As many as half of third-graders in some of Ohio's largest urban school districts aren't reading on grade level. "It's alarming," said Jim Herrholtz, an associate superintendent at the Ohio Department of Education.

As many as half of third-graders in some of Ohio’s largest urban school districts aren’t reading on grade level.

“It’s alarming,” said Jim Herrholtz, an associate superintendent at the Ohio Department of Education. “I don’t want to be harsh, but let’s be honest: If those students don’t acquire fundamental skills of reading, how can we expect them to graduate, to hold jobs, to be good-quality citizens in our community?”

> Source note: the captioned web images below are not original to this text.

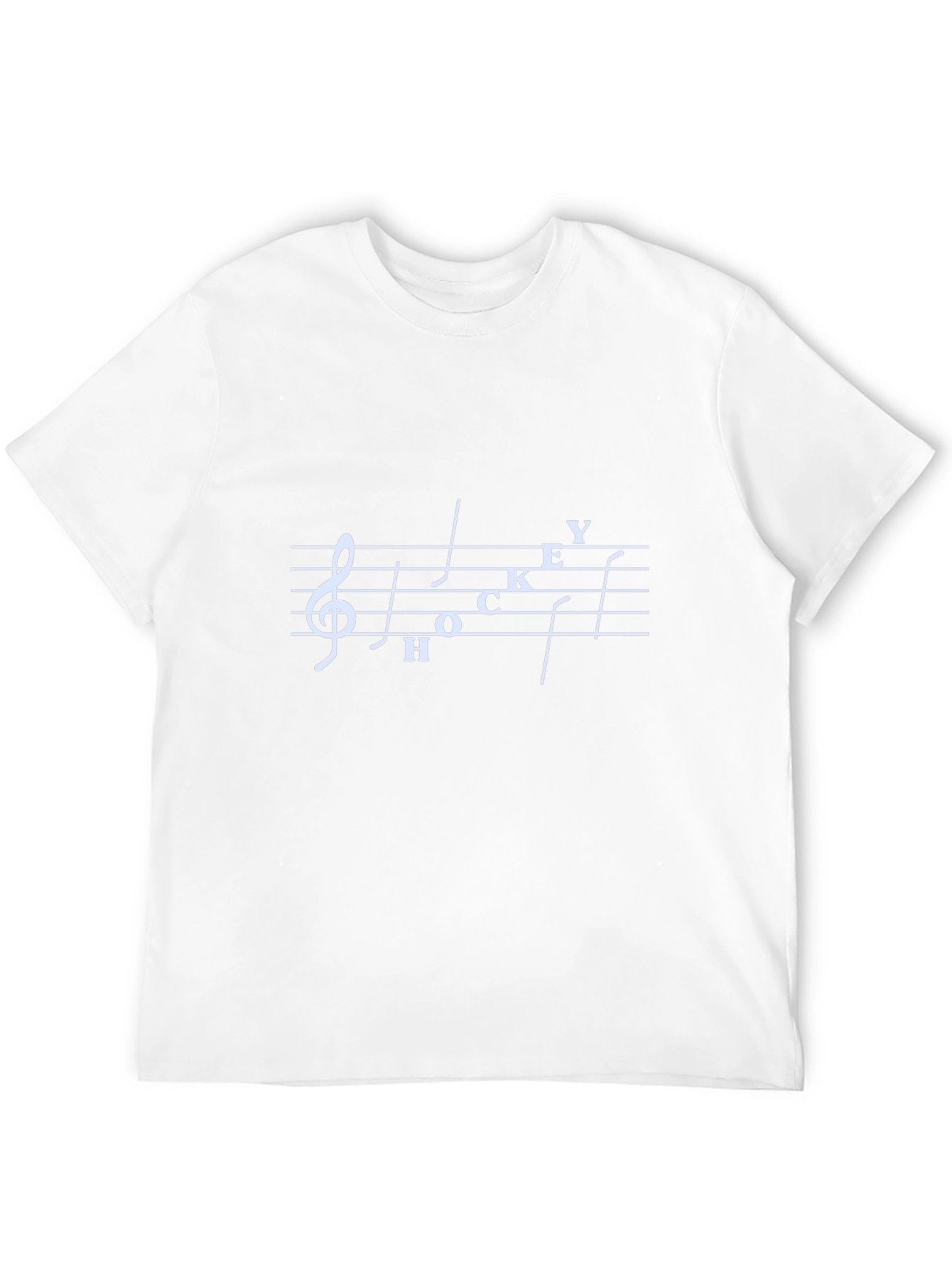 Music Hockey T-Shirt Sport Fan Tee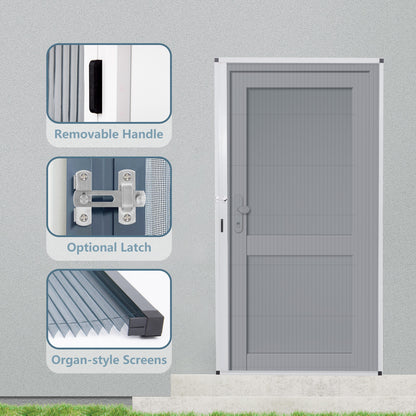 Retractable Screen Door（0.471in Low Track）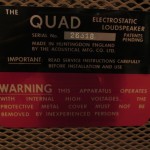 QUAD ESL57 electrostatic speaker systems (pair)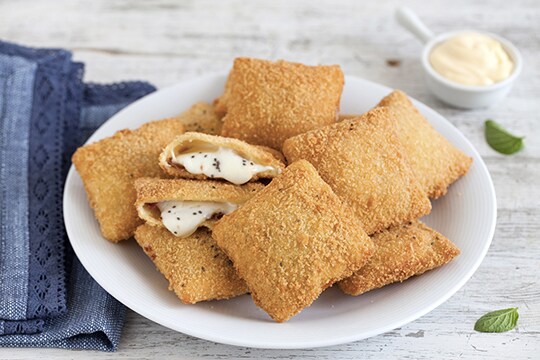 Guarda il video dei Panzerotti al prosciutto crudo e scamorza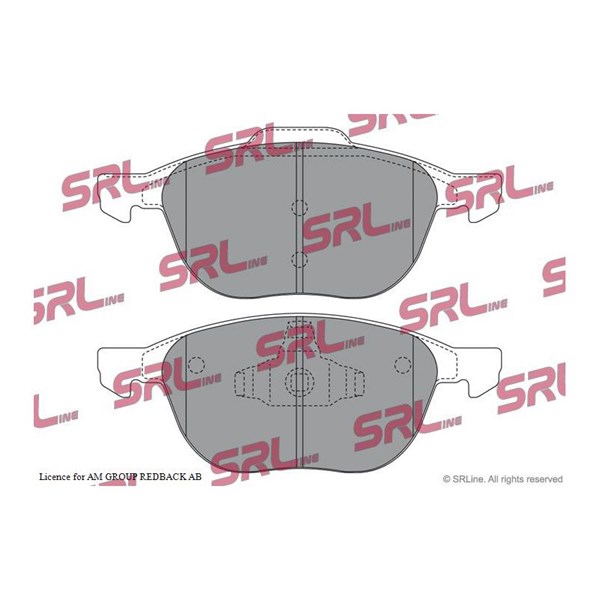 Bromsbeläggsats, Framaxel Srline S70-0095 SRLine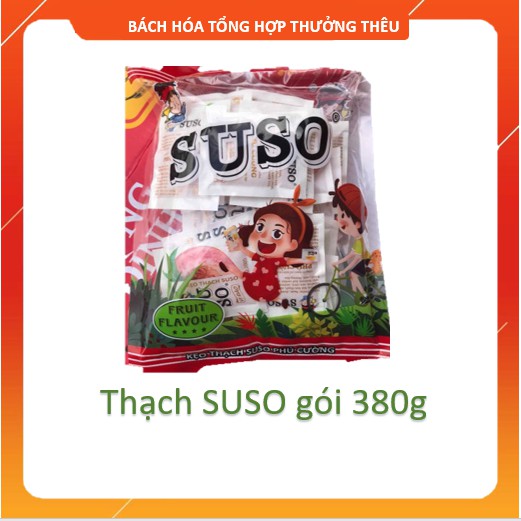 Kẹo thạch SuSo gói 380g-thạch zaizai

The revelation — the public acknowledgement, at least — that so many urban-school students are behind in reading was made this fall after Ohio for the first time required schools to test kindergarten through third-grade kids in reading. The districts must report the results to the state and to parents, and create intervention plans for those who need to catch up. Beginning next school year, the so-called “third-grade reading guarantee” law also will require some students who miss a basic reading target to repeat third grade.

That’s the part of the law that has gained the most attention. But in the state’s “big eight” urban districts, the most pressing matter is how to get thousands of children immediate help in reading and, frankly, whether it can be done.

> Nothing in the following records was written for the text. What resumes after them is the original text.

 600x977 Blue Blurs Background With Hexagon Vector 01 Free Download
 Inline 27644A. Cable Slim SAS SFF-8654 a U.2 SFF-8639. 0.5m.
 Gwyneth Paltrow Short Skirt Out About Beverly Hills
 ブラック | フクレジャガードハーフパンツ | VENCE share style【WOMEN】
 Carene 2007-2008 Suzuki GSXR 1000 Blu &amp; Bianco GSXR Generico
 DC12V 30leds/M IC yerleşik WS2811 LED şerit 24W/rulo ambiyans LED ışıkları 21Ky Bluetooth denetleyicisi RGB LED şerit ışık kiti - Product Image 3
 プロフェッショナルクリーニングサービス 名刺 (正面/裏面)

In Columbus, the fall reading exams showed that more than 8,000 kindergartners, first-, second- and third-graders need intense help — almost half of the total K-3 enrollment. Some younger kids can’t identify the front or back of a book. They don’t know what sounds letters make. Among third-graders alone, about 1,800 aren’t reading on grade level. That’s 48 percent of the third grade that, in a doomsday (and unlikely) scenario would mean nearly 2,000 kids repeating third grade. Most years, Columbus holds back fewer than 25 third-graders.

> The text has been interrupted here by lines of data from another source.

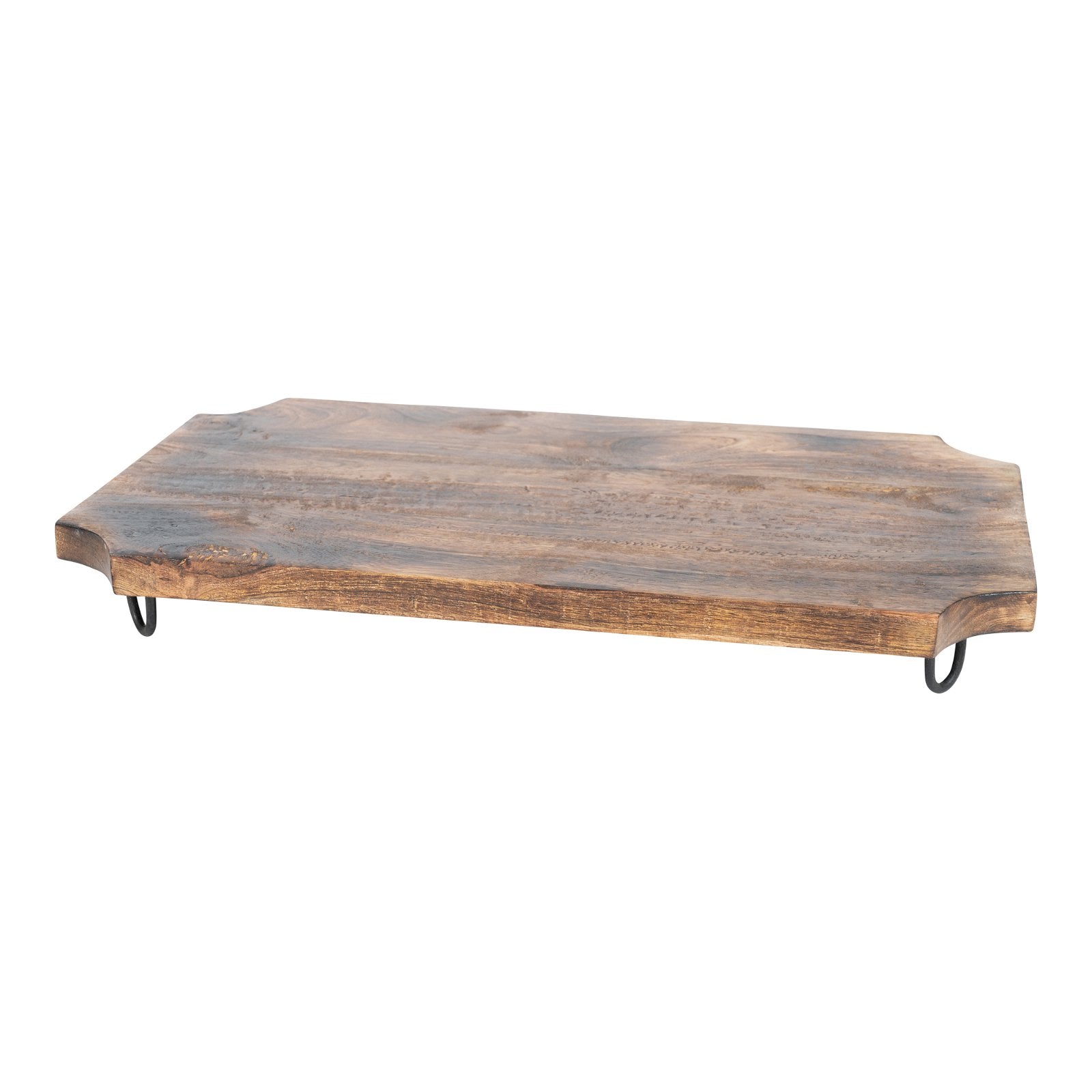 Wooden Distressed Chopping Board On Legs 39cm S-KG0725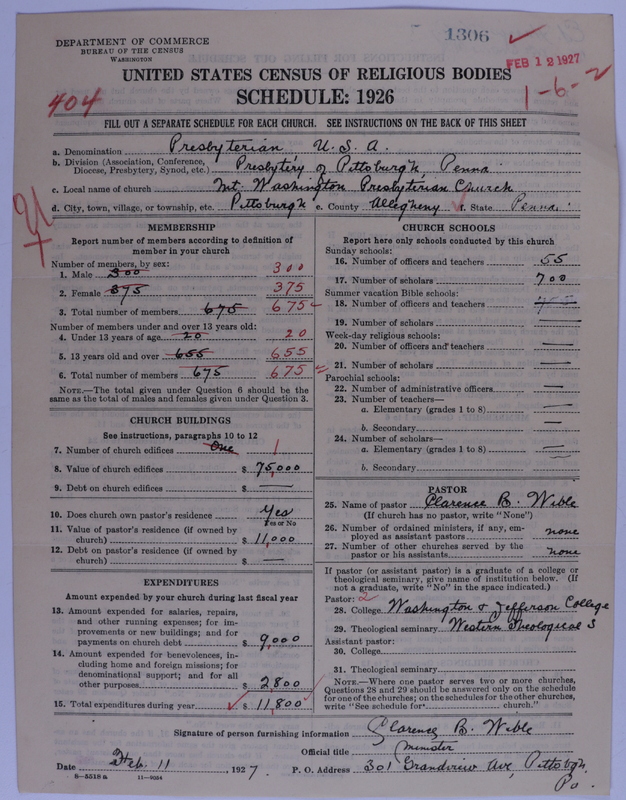 Scan of Presbyterian Church in the United States of America: 1306
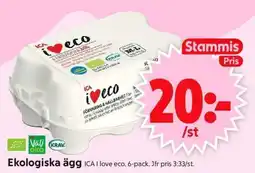 ICA Supermarket Ekologiska ägg erbjuda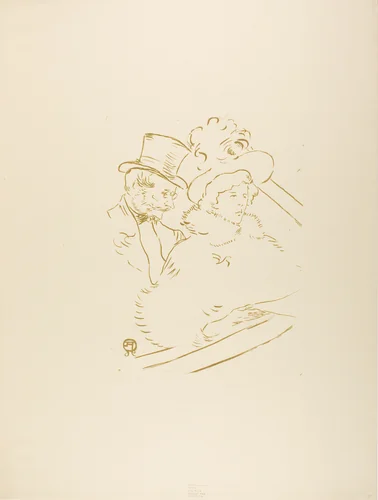 At the Concert by Henri de Toulouse-Lautrec, print, 1896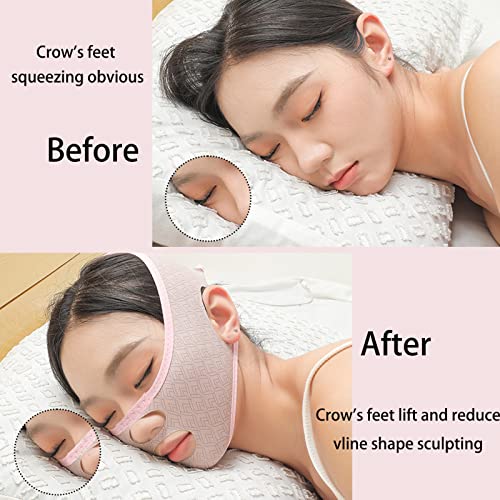 2 компјутери Нова убавина за скулптурирање на лице за спиење, маска за кревање на линии за подигнување на линијата за линии, каиш за
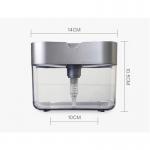 Space Saving 385ml 2in1 Foaming Liquid Soap Dispenser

“We’re doing everything we can,” said Columbus schools spokesman Jeff Warner.

“I don’t think we can throw in the towel and say, ‘There’s no way,’?” added Suzy Rhett, who oversees curriculum, leadership and development for the district.

In Dayton, half of third-graders aren’t on track in reading. In Cleveland, 34 percent of third-graders are reading below grade level. And in Toledo, about 42 percent of third-graders aren’t hitting the minimum requirement.

Some suburban and rural districts are grappling with large numbers of not-ready students, too, but the impact of the reading guarantee in big-city districts is much greater.

Herrholtz said urban districts weren’t surprised that many students are behind. But testing all kids in K-3 and then examining what, exactly, they need help with likely brought clarity to the scope of the undertaking.

Columbus has begun to consider whether it needs to end its policy of social promotion — moving kids on to the next grade with their peers, even if they’re not quite academically ready. District officials are asking: Why wait until they reach third grade to hold them back?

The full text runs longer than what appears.